(Short web captions)
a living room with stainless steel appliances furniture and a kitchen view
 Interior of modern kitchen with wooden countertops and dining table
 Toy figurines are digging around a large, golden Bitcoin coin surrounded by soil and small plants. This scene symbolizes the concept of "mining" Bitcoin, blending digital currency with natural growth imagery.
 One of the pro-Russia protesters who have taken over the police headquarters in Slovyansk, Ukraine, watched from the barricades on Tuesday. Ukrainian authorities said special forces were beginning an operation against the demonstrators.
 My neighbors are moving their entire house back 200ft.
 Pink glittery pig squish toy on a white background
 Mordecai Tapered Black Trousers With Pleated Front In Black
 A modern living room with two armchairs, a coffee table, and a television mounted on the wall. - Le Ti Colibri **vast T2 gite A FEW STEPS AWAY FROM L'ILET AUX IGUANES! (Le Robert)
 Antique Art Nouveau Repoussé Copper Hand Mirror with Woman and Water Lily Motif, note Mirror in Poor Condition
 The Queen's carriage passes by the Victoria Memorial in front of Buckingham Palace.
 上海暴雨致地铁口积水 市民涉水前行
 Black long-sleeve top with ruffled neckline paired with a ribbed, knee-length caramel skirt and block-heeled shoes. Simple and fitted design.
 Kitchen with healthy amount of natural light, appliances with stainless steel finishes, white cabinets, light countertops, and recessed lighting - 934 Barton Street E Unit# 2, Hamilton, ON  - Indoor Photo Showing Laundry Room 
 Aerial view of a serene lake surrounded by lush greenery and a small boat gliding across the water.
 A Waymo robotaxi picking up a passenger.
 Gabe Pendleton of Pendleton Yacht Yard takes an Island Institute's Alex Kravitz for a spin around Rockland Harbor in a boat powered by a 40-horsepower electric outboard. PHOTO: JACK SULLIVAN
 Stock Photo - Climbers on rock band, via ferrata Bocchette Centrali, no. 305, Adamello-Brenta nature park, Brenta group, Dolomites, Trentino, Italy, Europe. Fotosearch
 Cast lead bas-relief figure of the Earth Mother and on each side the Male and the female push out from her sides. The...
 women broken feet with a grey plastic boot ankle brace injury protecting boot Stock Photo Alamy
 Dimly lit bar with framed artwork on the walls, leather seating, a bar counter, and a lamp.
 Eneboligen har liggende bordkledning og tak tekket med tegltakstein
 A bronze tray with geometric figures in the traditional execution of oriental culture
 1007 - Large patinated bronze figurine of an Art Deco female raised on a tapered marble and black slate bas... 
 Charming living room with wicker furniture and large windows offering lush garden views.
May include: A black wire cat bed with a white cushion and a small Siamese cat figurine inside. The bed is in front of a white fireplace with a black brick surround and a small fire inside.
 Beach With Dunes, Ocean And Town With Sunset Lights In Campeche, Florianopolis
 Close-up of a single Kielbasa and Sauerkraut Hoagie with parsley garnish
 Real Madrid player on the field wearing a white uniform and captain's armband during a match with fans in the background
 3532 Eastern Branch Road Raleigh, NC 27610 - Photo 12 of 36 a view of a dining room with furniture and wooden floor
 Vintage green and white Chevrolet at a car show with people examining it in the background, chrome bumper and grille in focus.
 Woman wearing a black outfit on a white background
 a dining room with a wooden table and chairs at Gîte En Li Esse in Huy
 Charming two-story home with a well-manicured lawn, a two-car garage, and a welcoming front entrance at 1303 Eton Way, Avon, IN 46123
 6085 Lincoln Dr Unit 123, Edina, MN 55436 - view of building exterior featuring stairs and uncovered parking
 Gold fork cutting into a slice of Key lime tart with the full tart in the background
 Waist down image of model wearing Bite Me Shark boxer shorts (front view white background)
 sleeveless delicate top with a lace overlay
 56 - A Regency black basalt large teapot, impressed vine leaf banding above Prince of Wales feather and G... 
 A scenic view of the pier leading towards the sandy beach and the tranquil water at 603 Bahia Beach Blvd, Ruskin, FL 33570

ASSIGNMENT - Copy all lines from the data that hold the word "steel".

OUTPUT BELOW -
a living room with stainless steel appliances furniture and a kitchen view
 Kitchen with healthy amount of natural light, appliances with stainless steel finishes, white cabinets, light countertops, and recessed lighting - 934 Barton Street E Unit# 2, Hamilton, ON  - Indoor Photo Showing Laundry Room 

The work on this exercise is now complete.